Principles for Redistricting
by Christopher Dodson,
Executive Director, North Dakota Catholic Conference
November 2001

Sometime soon, Governor John Hoeven will call a special legislative session so that the Legislative Assembly can establish new legislative districts. The redrawing of district lines is required every ten years so that the districts are roughly equal in population. This “one person, one vote” goal is admirable and furthers the cause of justice. However, the actual process of redistricting is often less than laudable and characterized by partisan politics, self-preservation, and backroom dealings.

How should Catholics respond to redistricting? The issue, for some, may seemed far removed from Catholic social teaching than, for example, abortion or the death penalty. However, we are called as Christians to turn to our faith when addressing any issue and some principles of Catholic social teaching can help guide us.
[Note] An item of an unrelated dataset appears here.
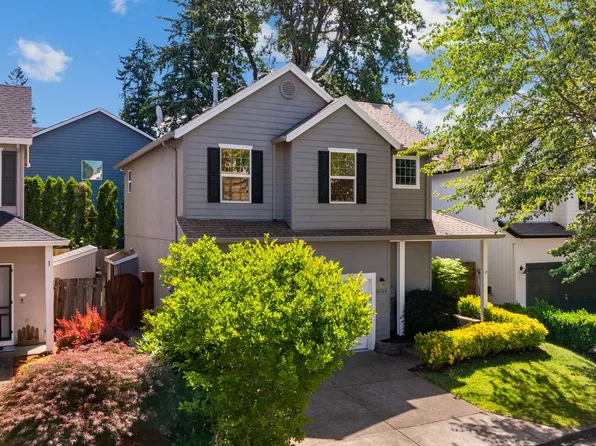 10760 SW Sitka Ct, Tigard, OR 97223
Perhaps the principles most applicable are the common good and solidarity. In all matters, including redistricting, we must pursue the common good in solidarity with all peoples. This is not a time for regional in-fighting. We must ask whether the redistricting plan brings the people of the state together, even while recognizing and respecting differences that may exist.

The principles of the common good and solidarity also dictate that legislative redistricting should be void of partisan politics. For some in the legislature it is impossible to take any action without concern for how it affects his or her political party. Furthering the cause of the party, however, is necessarily divisive and contrary to the common good.

The process of redistricting in North Dakota, which is left to the legislature, makes it difficult to remove partisanship from the process. The party in the majority will be able to control the next district map. To some people, this makes sense since the voters put them there. However, the argument is logically flawed since voters elect individuals, not a party. In the end, the process demands virtuous conduct by legislators to ensure that they set aside partisan sympathies when creating the new districts.

It follows also that redistricting is not about preservation of one’s seat in the legislature. We need legislators who are better than that.

Two principles from Catholic social teaching -- subsidiarity and the call to community -- call us to respect local communities and their differences when redistricting. In this respect, need to act for the common good must be balanced with the need to respect geographical and cultural differences. The two principles, however, do not necessarily conflict. District lines can be drawn that do not unnecessarily divide communities or diminish the influence of small distinct communities.

The principle, however, raises the question of how many districts there should be and how big is too big. When answering this question, the economic cost of the number of districts should be secondary to the more important issue of whether the number furthers the common good subsidiarity.

Finally, the preferential option for the poor causes us to ask whether the least among us are adversely affected by the redistricting plan. Do poorer and minority communities have a voice or is it diluted within the broader district? Are rural communities still represented or have they been thrown in with the larger and more politically influential towns?

All North Dakotans should look at the proposed redistricting in light of these and other principles from Catholic teaching and contact their legislators with their thoughts.